Quotations of the banking sub-index on the Warsaw Stock Exchange from December 2022 to April 2024. Source: stooq.pl

In Poland, banks are relatively concentrated, with the five largest lenders – PKO BP, Bank Pekao, Santander Bank Polska, ING Bank Śląski and mBank – holding a combined 56.6% share in total assets, according to EMIS data from 2021.

Foreign capital accounts for more than half of the sector’s assets, while state capital makes up slightly less than a third, with the remainder coming from Polish private capital.

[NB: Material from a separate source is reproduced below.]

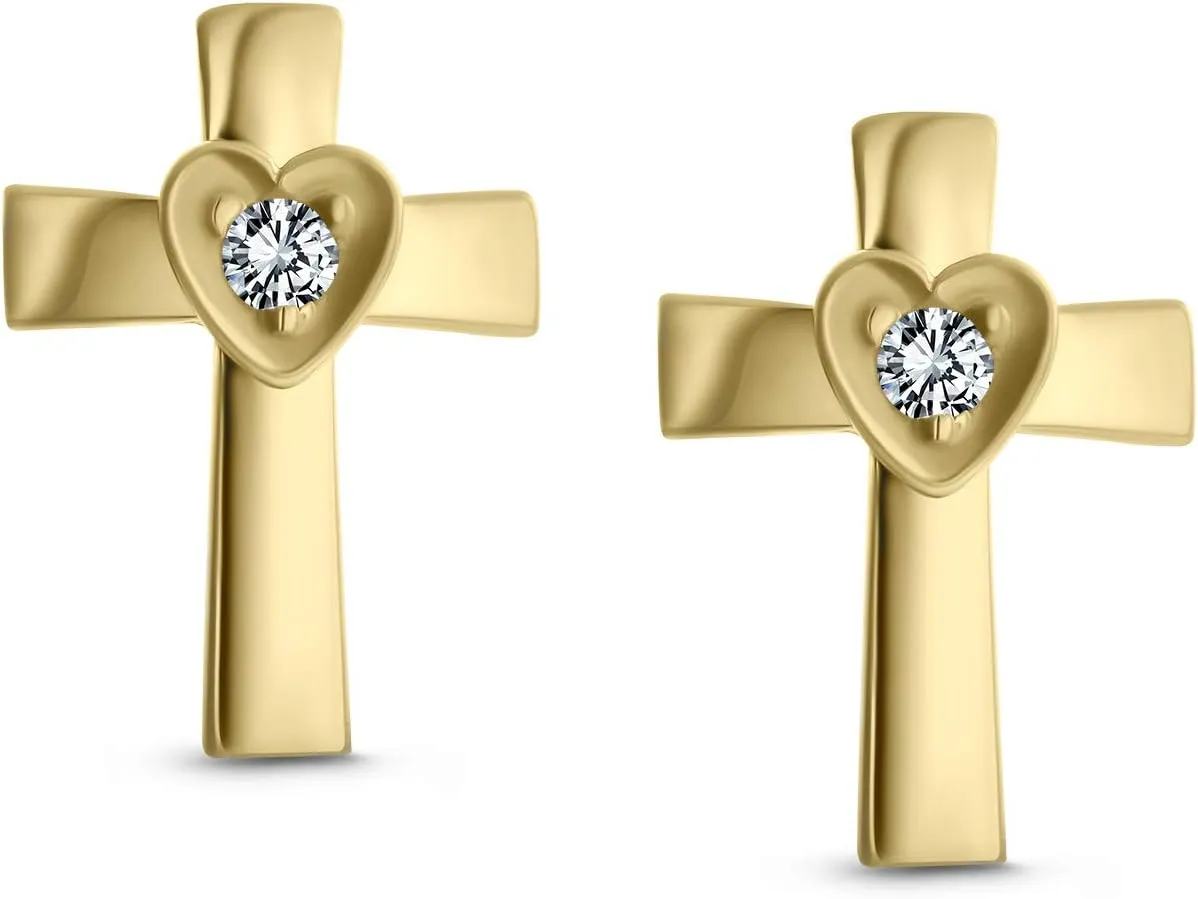 Tiny Minimalist Christian Religious Ichthus Jesus Fish or Black Gold Crucifix Cross Real Two Tone Yellow 14K Gold Stud Earring For Women Teen Safety Screw Back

The SVB case might remind Poles of the forced restructuring of the country’s tenth biggest lender, Getin Noble Bank (GNB), by the Polish Bank Guarantee Fund (BFG) in September 2022. While the failure of SVB was sudden, the Polish bank had been in trouble for years, and even after its collapse, customers continued to have access to their savings. Moreover, the restructuring was virtually painless for the sector.

“If the termination of operations by such a large financial institution does not have any major effects on the sector and its clients, it means that it is built on solid foundations,” EMIS economist Andrzej Żurawski said in a statement.

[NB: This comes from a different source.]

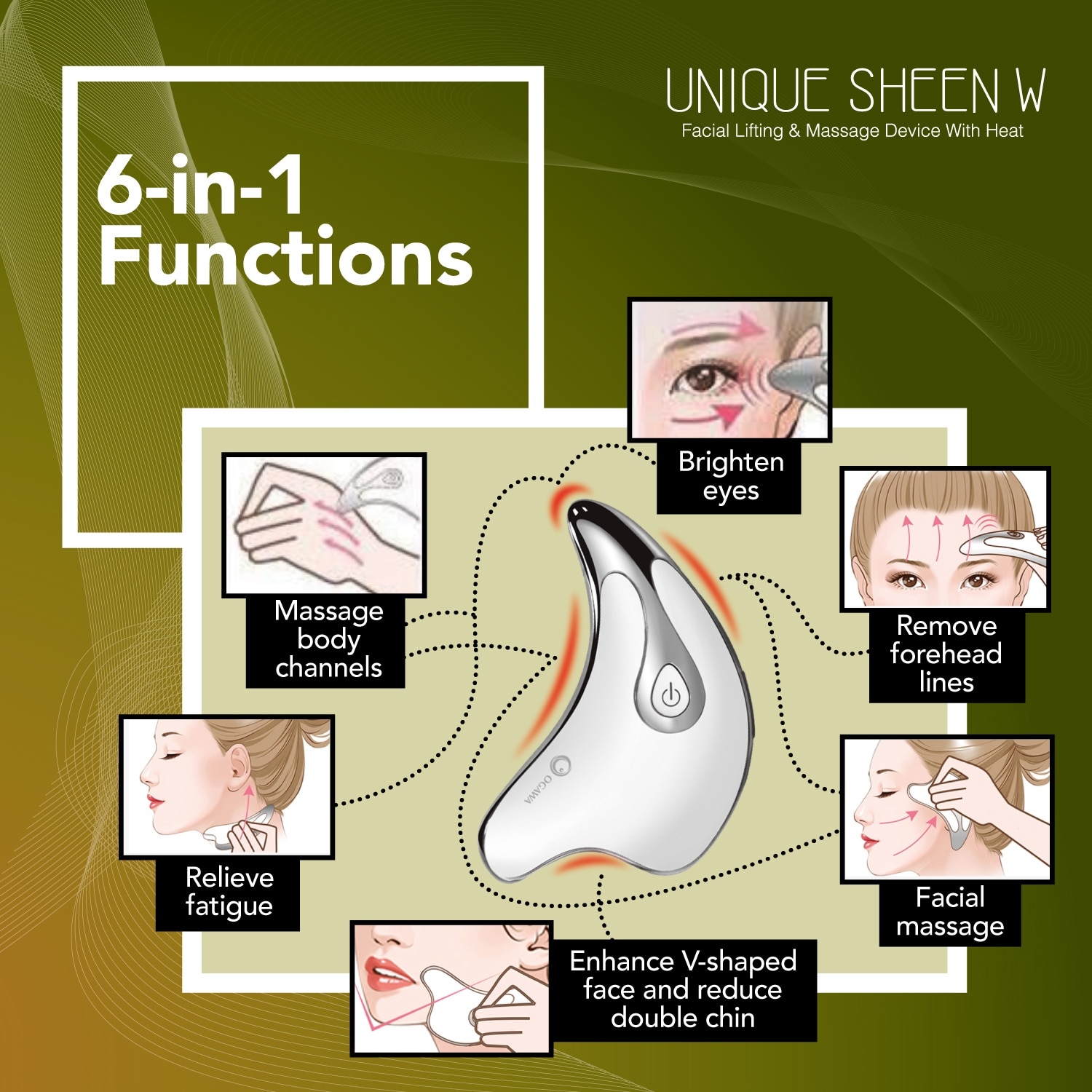 OGAWA Unique Sheen W Facial Lifting & Massage Device with Heat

Poland’s biggest lender, PKO BP, says the risk of a case similar to SVB is extremely low in Poland. According to a report compiled by one of its economists, Anna Wojtyniak, Poland has a fundamentally different deposit base compared to SVB, which is diversified and focused on retail.

Still, serious market distortions may put stress on any banking system, the report notes. In the last three years, Poland experienced two “run on the bank” periods. The second wave of deposit withdrawals occurred two years later in response to the outbreak of the war in Ukraine.

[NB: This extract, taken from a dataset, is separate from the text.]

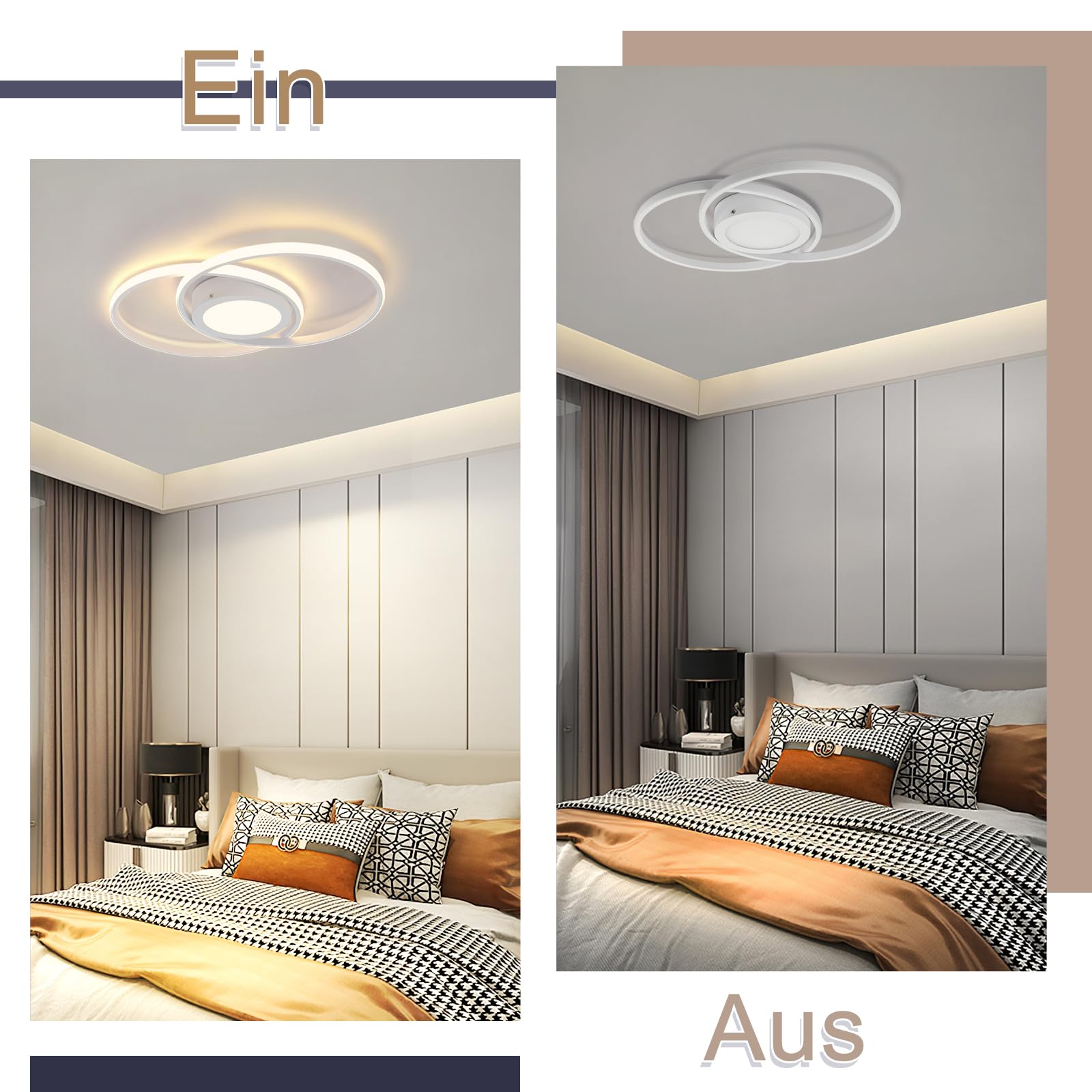 Homefire Deckenlampe LED Deckenleuchte Wohnzimmer - Schlafzimmerlampe Dimmbar mit Fernbedienung 48W Wohnzimmerlampe Weiß 47CM Schlafzimmer Deckenbeleuchtung Modern Küchenlampe für Flur Küche Büro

Kamil Pastor, an economist at PKO BP, told Notes from Poland that the Polish financial sector is much smaller and operates on a “more basic banking business” than the US. But Poland can learn from the SVB case that it is important to have efficient supervision of the financial sector and to avoid imbalances that would be difficult and costly to fix.

Long-standing problems

Despite strong sector fundamentals, Polish banks have to deal with a number of risk factors. One of the major issues is surging inflation, which in March was at 16.1% year on year, down from an over 26-year high just a month before and with the central bank’s attempts to contain it with monetary policy tightening. On the one hand, when interest rates rise, banks generally earn more due to higher margins. Indeed, in January-February, the net profit of the Polish banking sector jumped by 49% year-on-year to 6.1 billion zloty (€1.33 billion), according to the National Bank of Poland.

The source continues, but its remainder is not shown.